Es ya bien conocido que la
última frase del Tractatus de Wittgenstein asevera que “de lo que no se puede
hablar hay que callarse”. Pero precisamente eso de lo que, según el filósofo
austriaco, no puede hablarse es lo “místico”.
Parece, pues, cada vez más
claro que la religión es un instrumento para ayudar a hacer la experiencia de
ese Dios insondable y de la entrega a Él sin reservas. Y, en consecuencia, la
catequesis debería ser sobre todo una iniciación a la experiencia mística.
Lo decía el mismo Rahner,
hablando de la piedad del futuro: “la iniciación debe darnos una verdadera
´imagen de Dios`, a partir de la experiencia de que Dios es el incomprensible,
de que su incomprensibilidad crece cuanto mejor se le comprende, cuanto más se
acerca a nosotros su amor, que solo se convierte en nuestra felicidad cuando se
le adora y se le ama incondicionadamente. Pero tampoco basta un Dios lejano:
Dios no es lo contrapuesto a la cercanía del mundo, sino que está por encima
de estas contraposiciones. Esta iniciación nos debe enseñar a estar cerca de
Dios, a llamarle ´Tú`, a penetrar en su misterio, a no tener miedo de perderlo
mientras invocamos su nombre, porque Dios no está fuera de nosotros.

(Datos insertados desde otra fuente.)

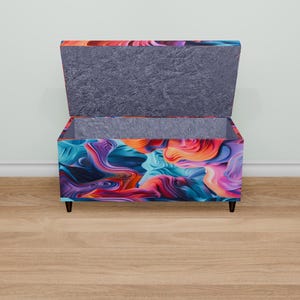 Colorful printed bench, Rustic storage, Wood storage bench, Contemporary bench, Stylish decoration, Office bench, Everyday bench, M-155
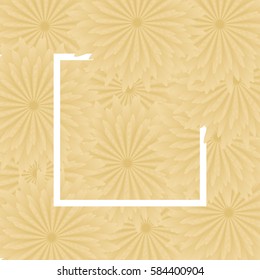 Background with gold color flowers, white frame. For greeting, cards to Womens Day, wallpaper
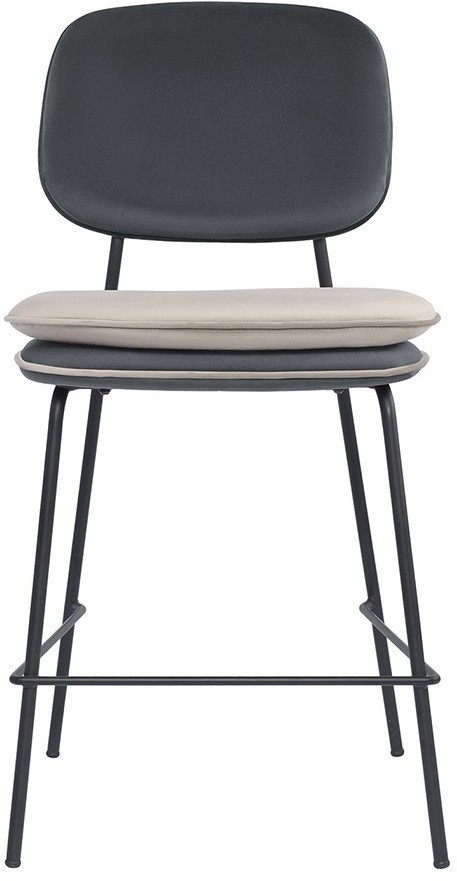 Стул полубарный с контрастным кантом pea, велюр, темно-серый/бежевый (77101)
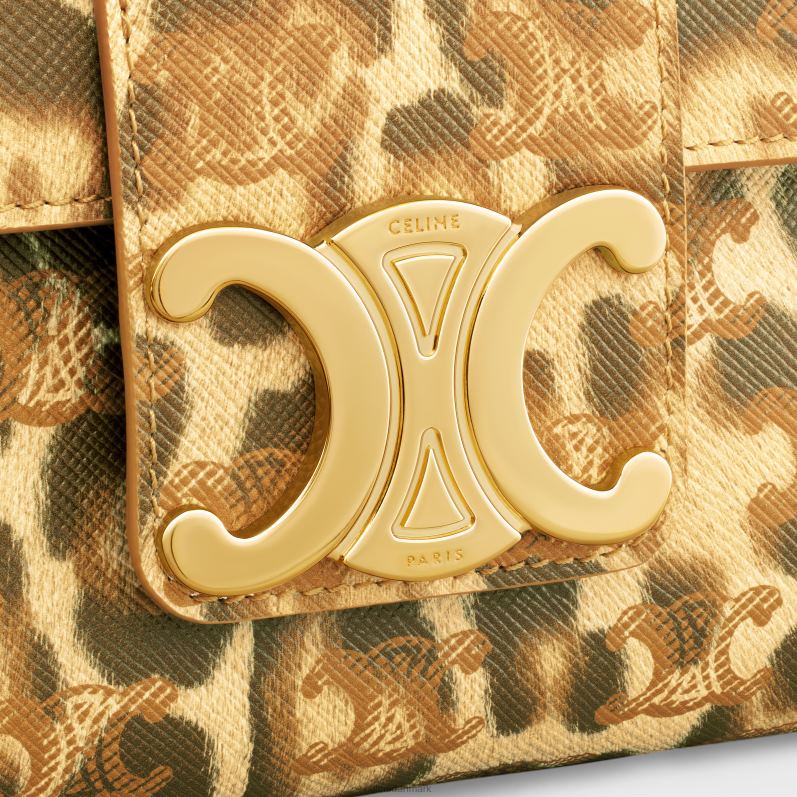 CELINE Kvinder medium victoiretaske i triomflærred med print F44FV8 tilbehør leopard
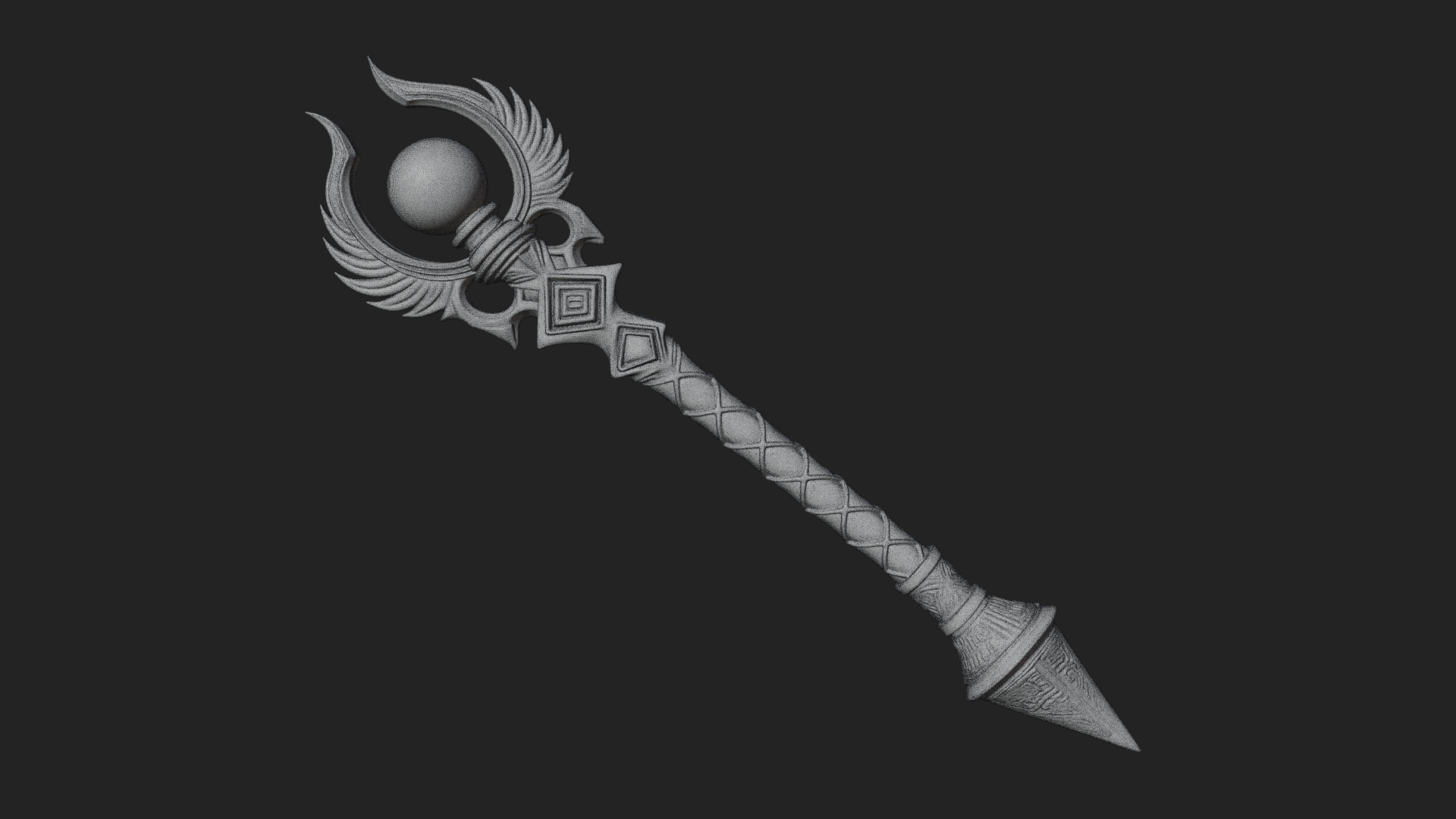 Crystal Tip Magic Wand Model Design 12 3D Print Model 3D Model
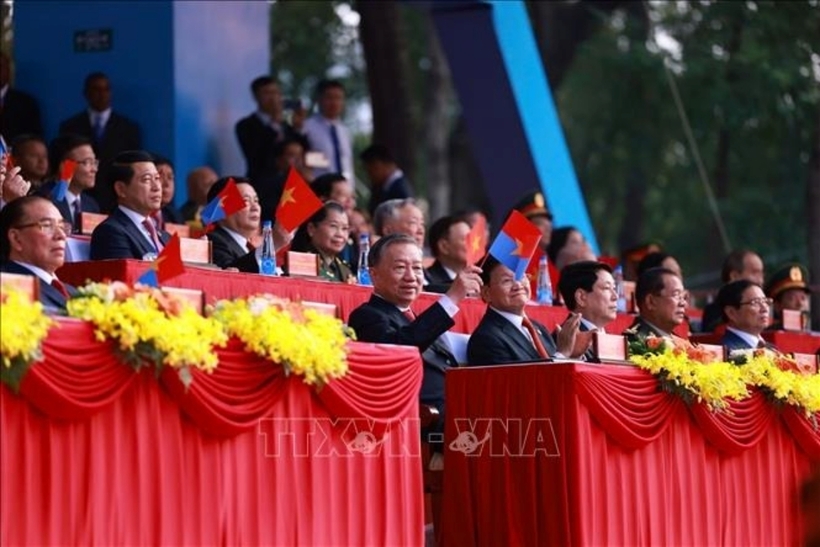 Tổng Bí thư Tô Lâm và các đại biểu dự buổi lễ.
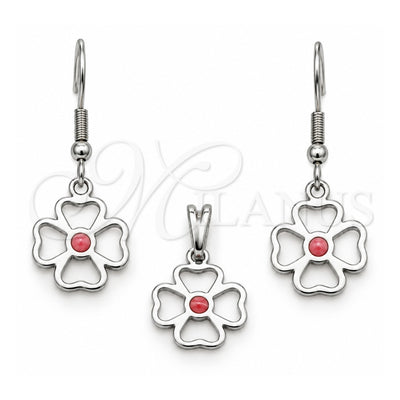 Stainless Steel Earring and Pendant Adult Set, Flower Design, Red Enamel Finish, Steel Finish, 10.63.0636
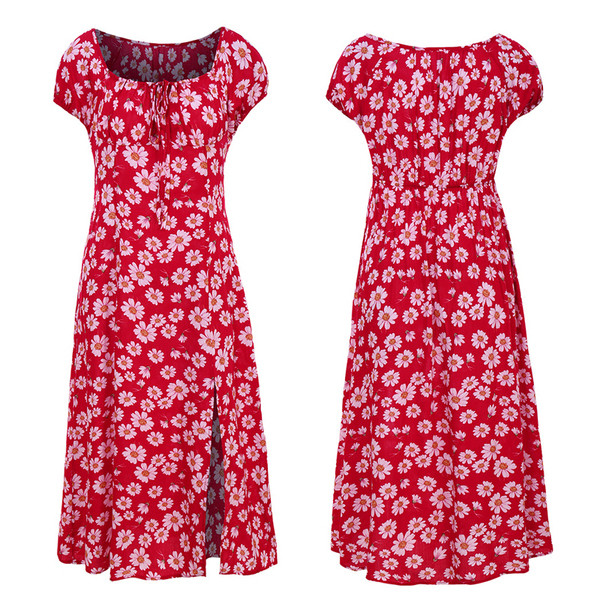 Ежедневна дамска дълга рокля с квадратно деколте и цепка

Finalmente
esta iniciación debe mostrarnos cómo Jesús de Nazaret, el Crucificado y
Resucitado, forma parte de ella misma”.
Es que, si en esa invocación a
la mística el cristianismo coincide con otras religiones, a continuación juega
con una dialéctica en la que a Dios, a quien nadie ha visto, lo hemos
contemplado en Jesús. El Dios innombrable es nuestro Padre y lo que es invisible
e intangible lo hemos visto con nuestros ojos y tocado con nuestras manos.
Detrás de lo que acaba de
decirse está mi convencimiento de que sólo puede llegar a Jesús quien se ha
adentrado en ese camino de la mística. El mismo se quejaba de los que “tienen
ojos y no ven, tienen oídos y no oyen” es que estaba convencido de que sólo
podrían hacerlo los adoradores en espíritu y en verdad.
Sin ese acceso desde la
mística, muchos verán a Jesús únicamente como un predicador del amor a los
demás, una conclusión a la que veo con sorpresa que llegan ahora algunos
cristianos veteranos. Pero ciertamente no es difícil acabar en esa reducción
que elimina o seculariza frases y afirmaciones de Jesús o sus discípulos.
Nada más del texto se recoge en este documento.